§ **Problem statement**
Ignoring every picture, transcribe the data in full as it stands.

§ **Available data**
──────────

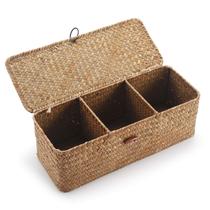 Cesta de armazenamento DECRAFTS Seagrass Tank com tampa 43 cm x 14 cm x 14 cm Cesta de armazenamento DECRAFTS Seagrass Tank com tampa 43 cm x 14 cm x 14 cm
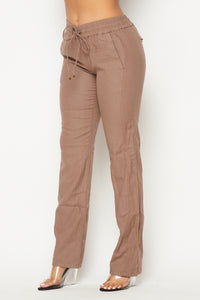 Linen Gold Drawstring Wide Leg Pants - Mocha - SohoGirl.com
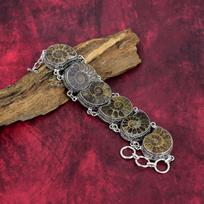 Amonito fosilijų papuošalai, 925 prabos solidus sterlingų sidabro akmenų apyrankė, Rankų darbo papuošalai, Memorialo dienai Adjustable with 8 inches geltona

──────────

§ **Expected answer**
 Cesta de armazenamento DECRAFTS Seagrass Tank com tampa 43 cm x 14 cm x 14 cm Cesta de armazenamento DECRAFTS Seagrass Tank com tampa 43 cm x 14 cm x 14 cm
 Linen Gold Drawstring Wide Leg Pants - Mocha - SohoGirl.com
 Amonito fosilijų papuošalai, 925 prabos solidus sterlingų sidabro akmenų apyrankė, Rankų darbo papuošalai, Memorialo dienai Adjustable with 8 inches geltona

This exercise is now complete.